(INFORMATION SUPPLIED)
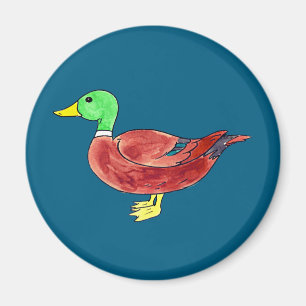 Aimant Canard colvert à tête verte aquarelle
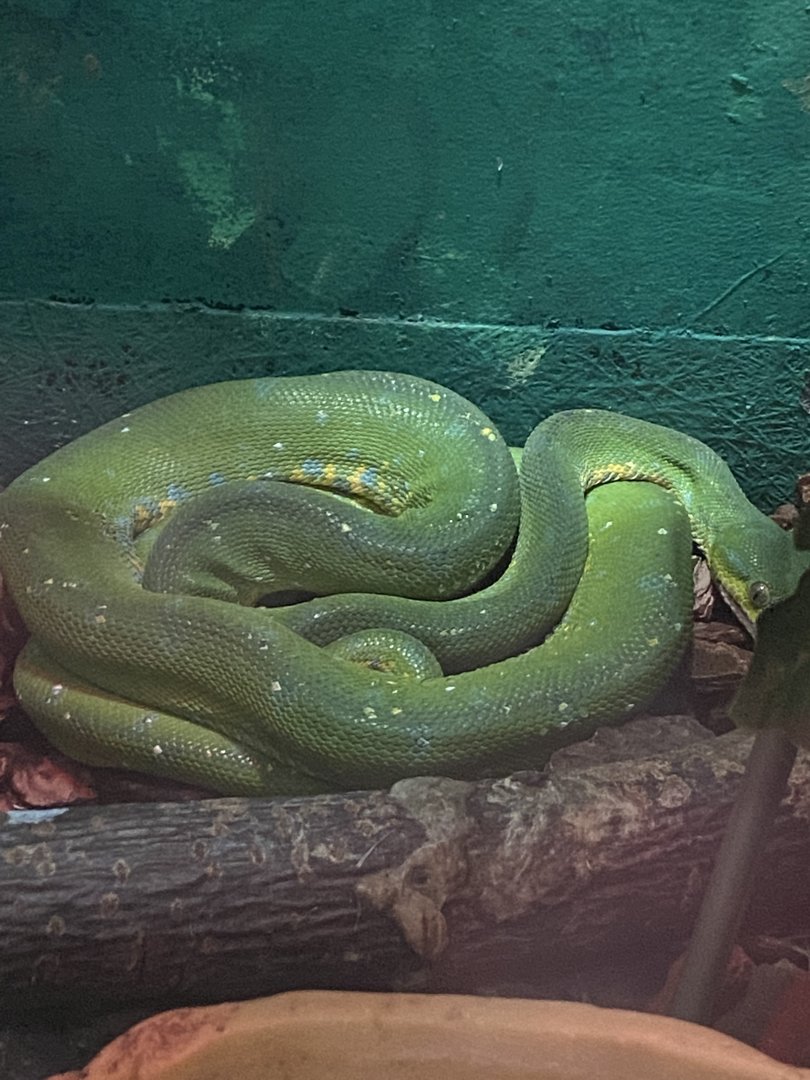 Reptile House - Green tree python  231022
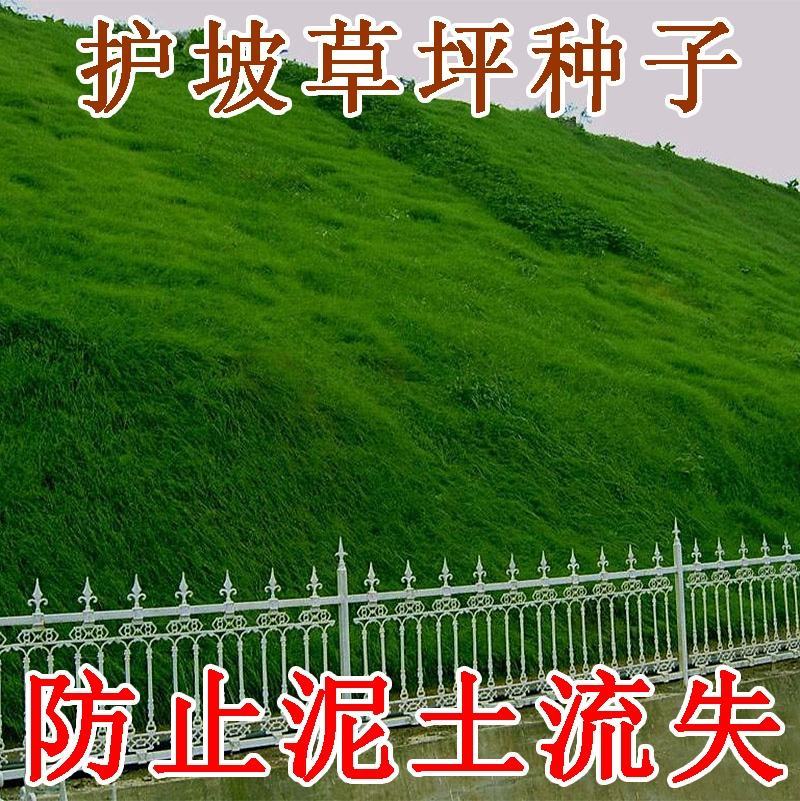 高羊茅种子优质草坪种子高羊茅低矮冷季型草坪籽高羊茅草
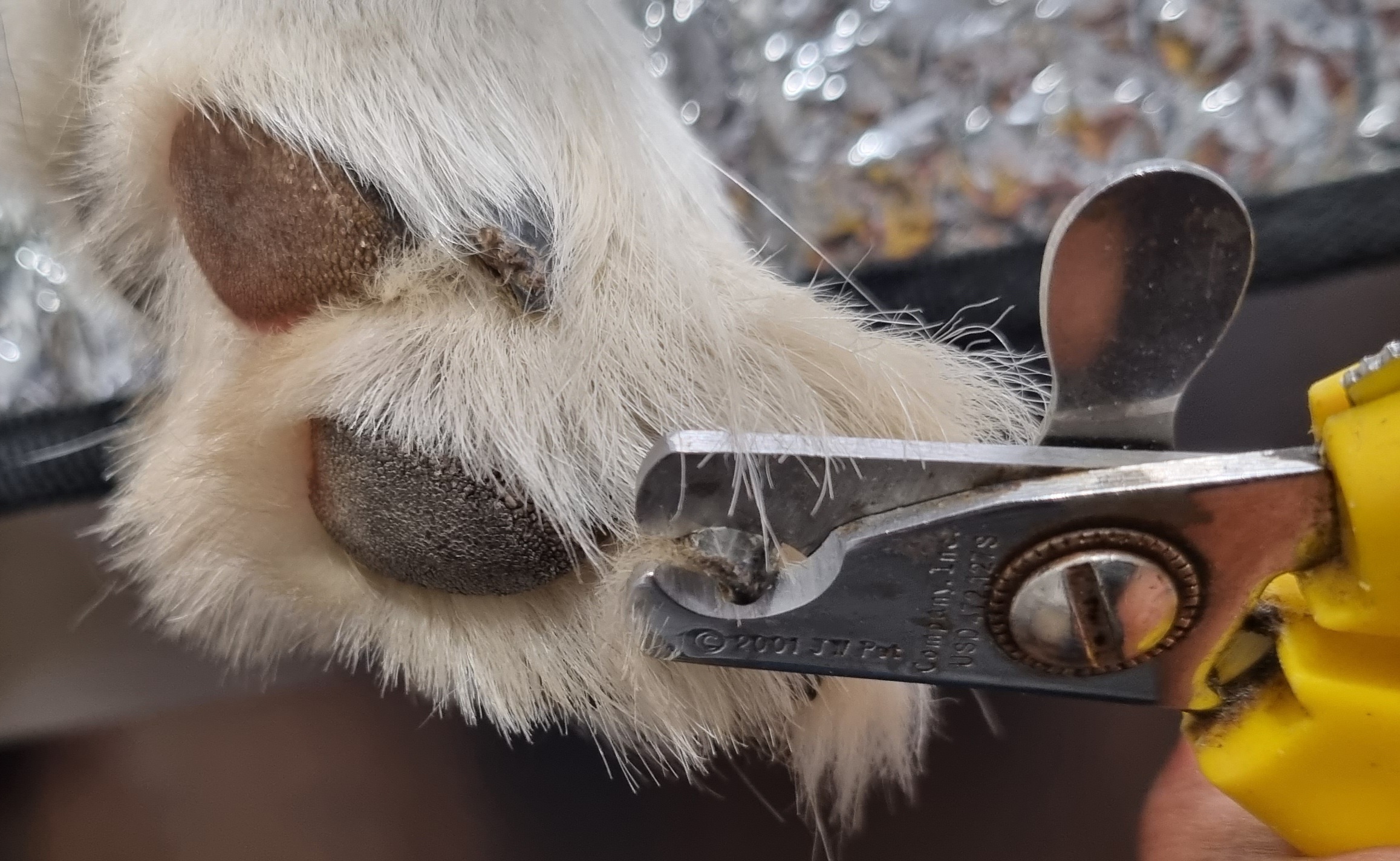 Nail trims Brandon Park Veterinary Hospital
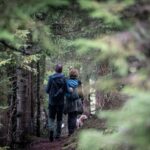 Wandern im Wald © Gipfelfieber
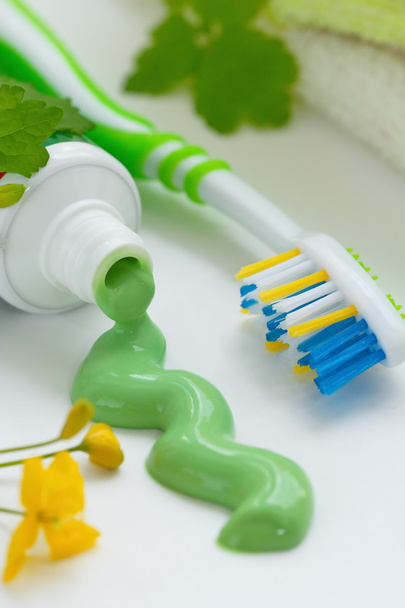 Dentifrice à base de plantes et brosse à dents
 - Photo, image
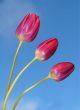 Red tulips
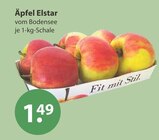 Äpfel Elstar im aktuellen V-Markt Prospekt für 1,49 €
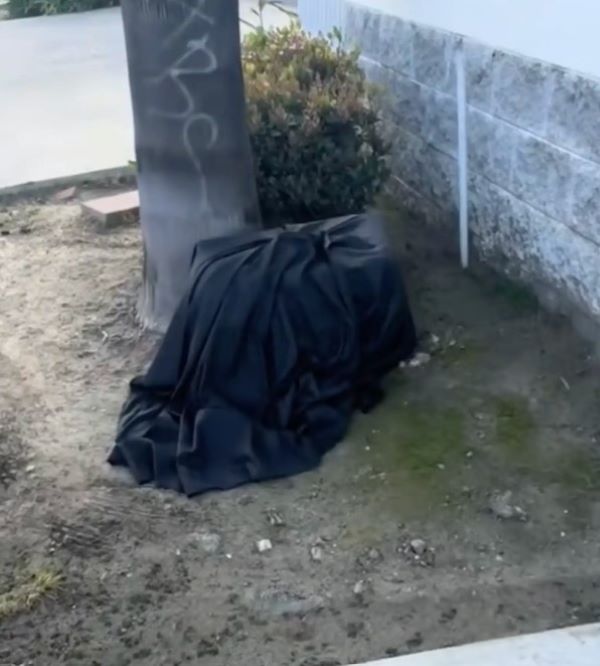 thrown out bag
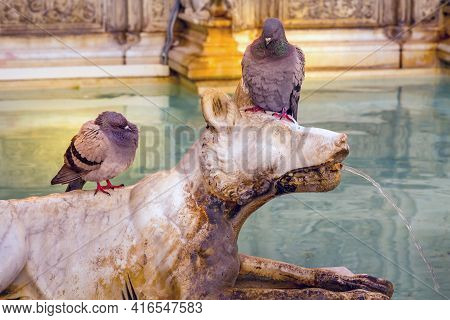 Pigeons At Fonte Gaia, Fountain Of Joy, Piazza Del Campo Siena, Tuscany, Italy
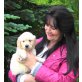 Goldfee, Golden Retriever Welpen - Hündin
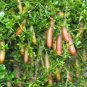 Novel Finger Limes Citrus Pomegranate Bonsai Delicious Sweet Fruit Bonsai 40 Seeds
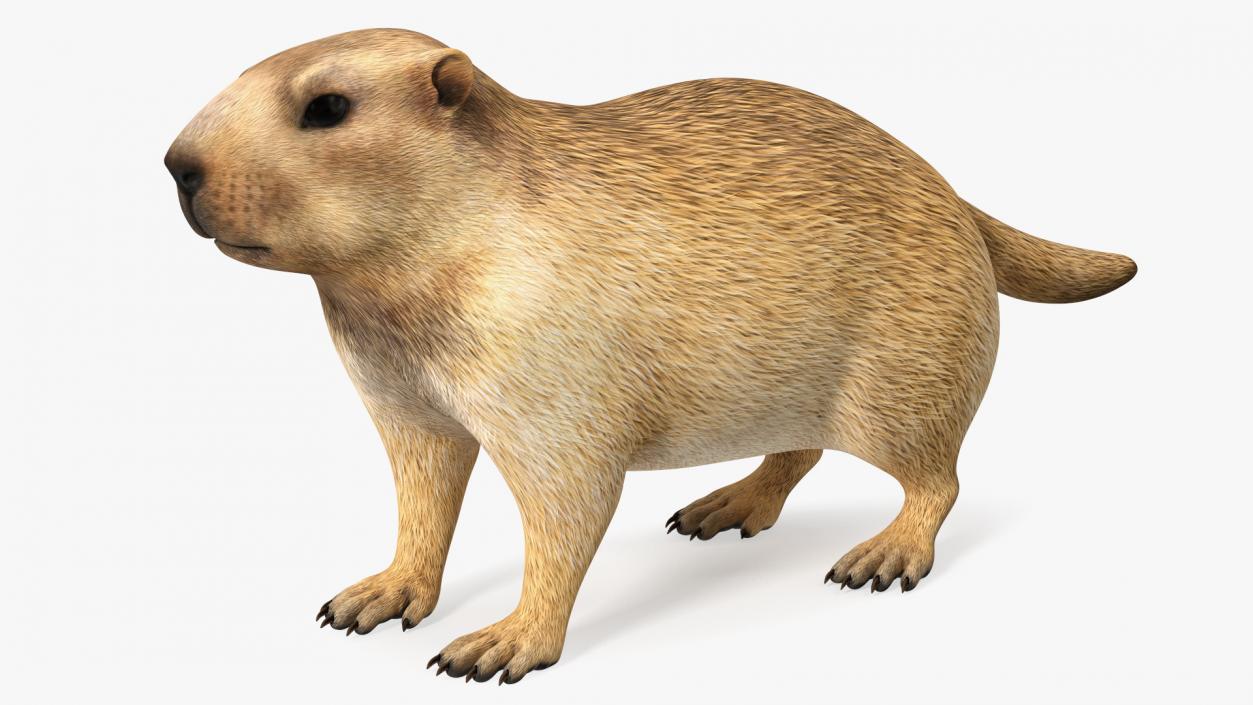 Marmot Rigged for Cinema 4D 3D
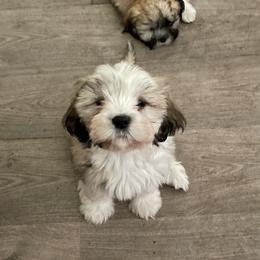 Care Bear - Brindle female Lhasa Apso puppy in Fort Worth, Texas from Sheri's Lhasa Apso Puppies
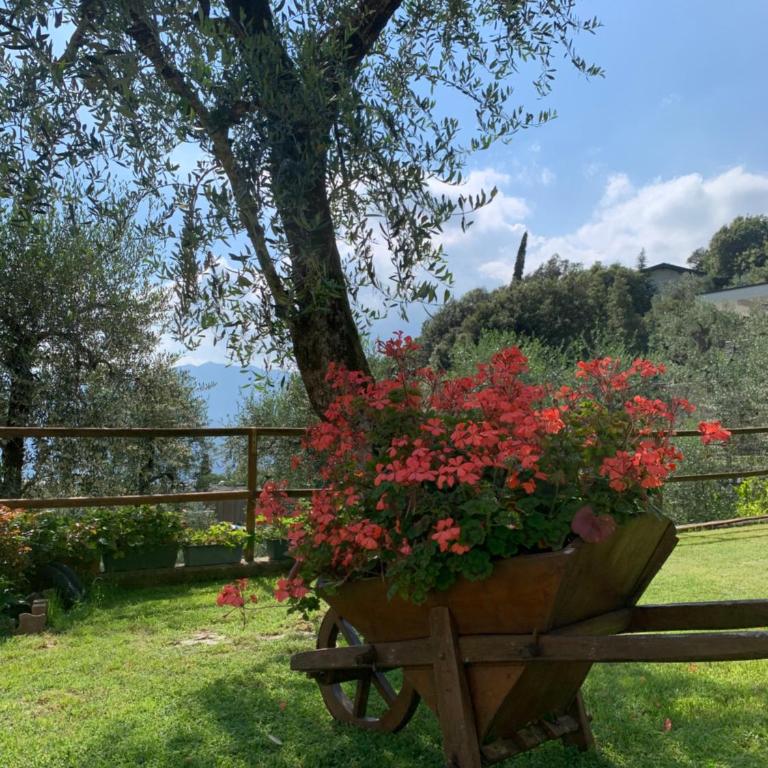 Appartamento Gardenia - Appartamento con 2 Camere da Letto - 26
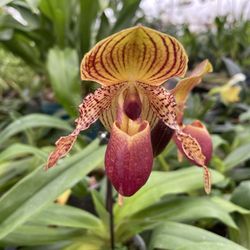 Owens Orchids - Paphiopedilums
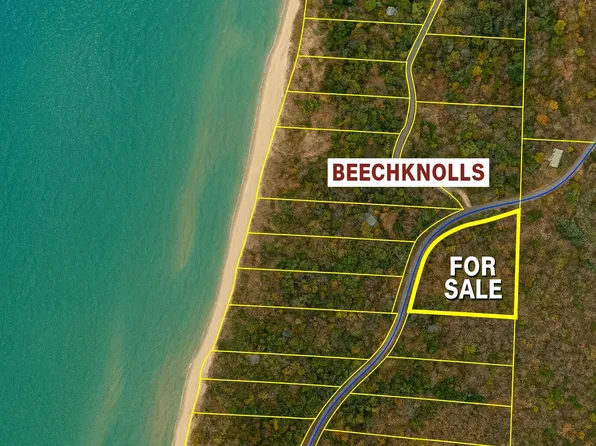 V L Lakeshore Rd, Manistee, MI 49660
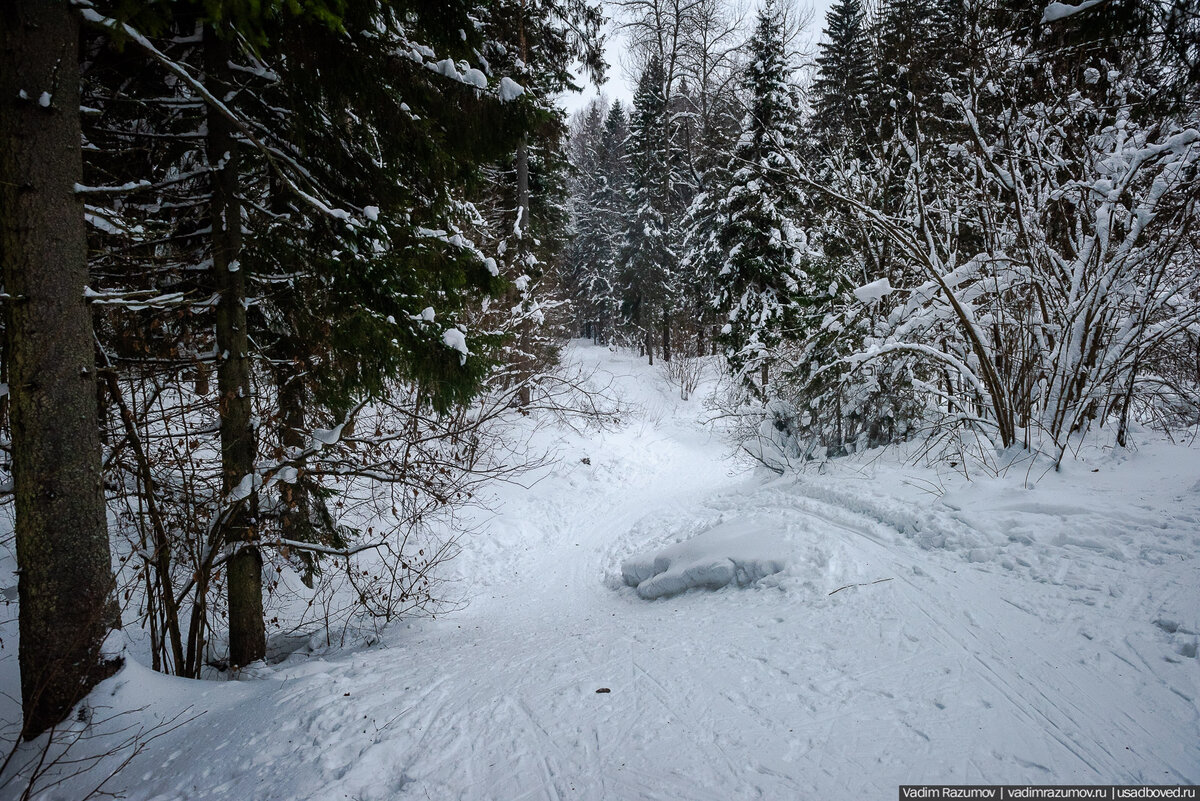 Абрамцево маршрут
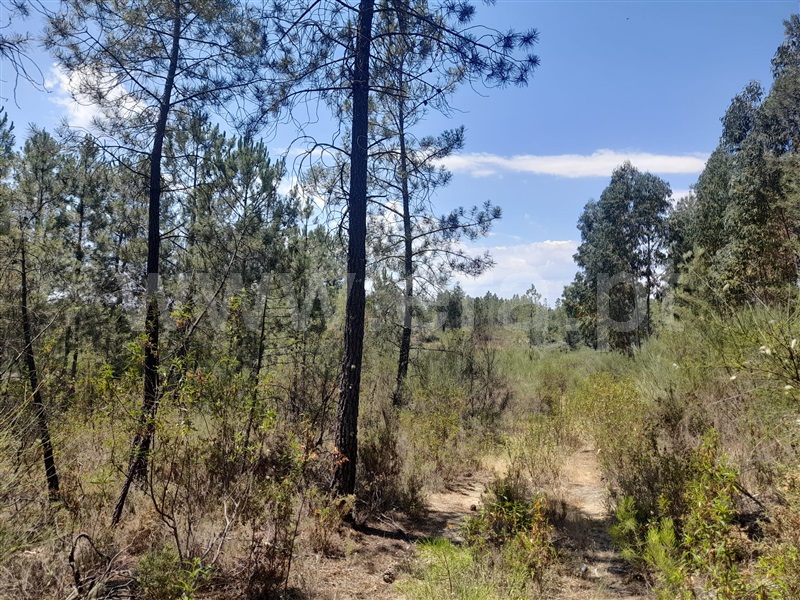 Terreno  Vila Velha de Rodão, Sarnadas de Ródão - 799213 - 2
(End INFORMATION SUPPLIED)
## PROBLEM STATEMENT:
Your copy must match the records above word for word and contain no pictures.

## EXERCISE RESULT:
 Aimant Canard colvert à tête verte aquarelle
 Reptile House - Green tree python  231022
 高羊茅种子优质草坪种子高羊茅低矮冷季型草坪籽高羊茅草
 Nail trims Brandon Park Veterinary Hospital
 Wandern im Wald © Gipfelfieber
 Dentifrice à base de plantes et brosse à dents
 - Photo, image
 Red tulips
 Äpfel Elstar im aktuellen V-Markt Prospekt für 1,49 €
 thrown out bag
 Pigeons At Fonte Gaia, Fountain Of Joy, Piazza Del Campo Siena, Tuscany, Italy
 Goldfee, Golden Retriever Welpen - Hündin
 Novel Finger Limes Citrus Pomegranate Bonsai Delicious Sweet Fruit Bonsai 40 Seeds
 Marmot Rigged for Cinema 4D 3D
 Care Bear - Brindle female Lhasa Apso puppy in Fort Worth, Texas from Sheri's Lhasa Apso Puppies
 Appartamento Gardenia - Appartamento con 2 Camere da Letto - 26
 Owens Orchids - Paphiopedilums
 V L Lakeshore Rd, Manistee, MI 49660
 Абрамцево маршрут
 Terreno  Vila Velha de Rodão, Sarnadas de Ródão - 799213 - 2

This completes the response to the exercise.